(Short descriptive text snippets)
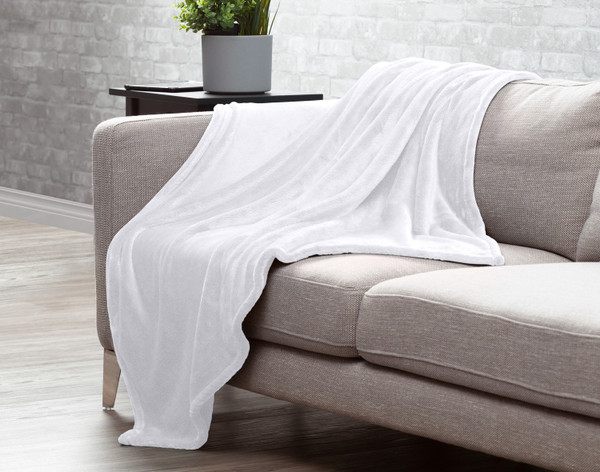 Our Velvet Plush Throw in Magnolia draped over a beige couch in a white living room.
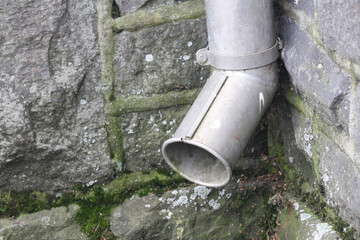 Metal drain pipe next to stone wall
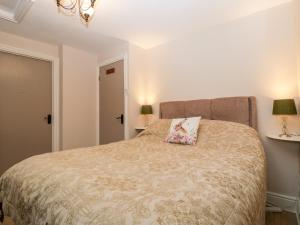a bedroom with a bed with a pillow on it at Brook Cottage in Abergavenny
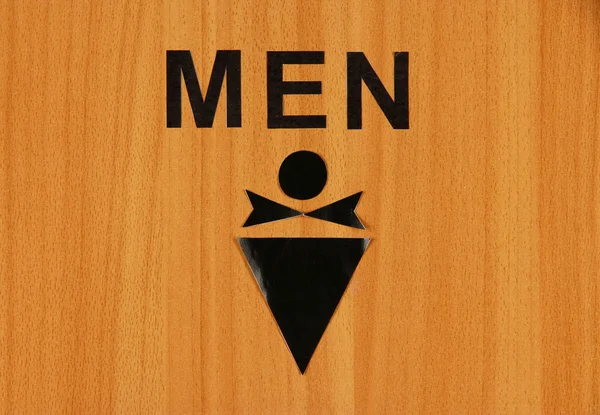Toilet sign on wooden background — Stock Photo, Image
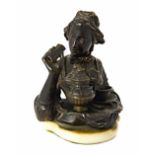 An early Victorian patinated bronze novelty inkwell, modelled and cast as a lady in period dress,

* [What needs to be done]
Omitting all pictures, retype exactly the lines from the line containing "Toilet sign on" down to the last line above, both ends included.

* [Your response]
Toilet sign on wooden background — Stock Photo, Image
 An early Victorian patinated bronze novelty inkwell, modelled and cast as a lady in period dress,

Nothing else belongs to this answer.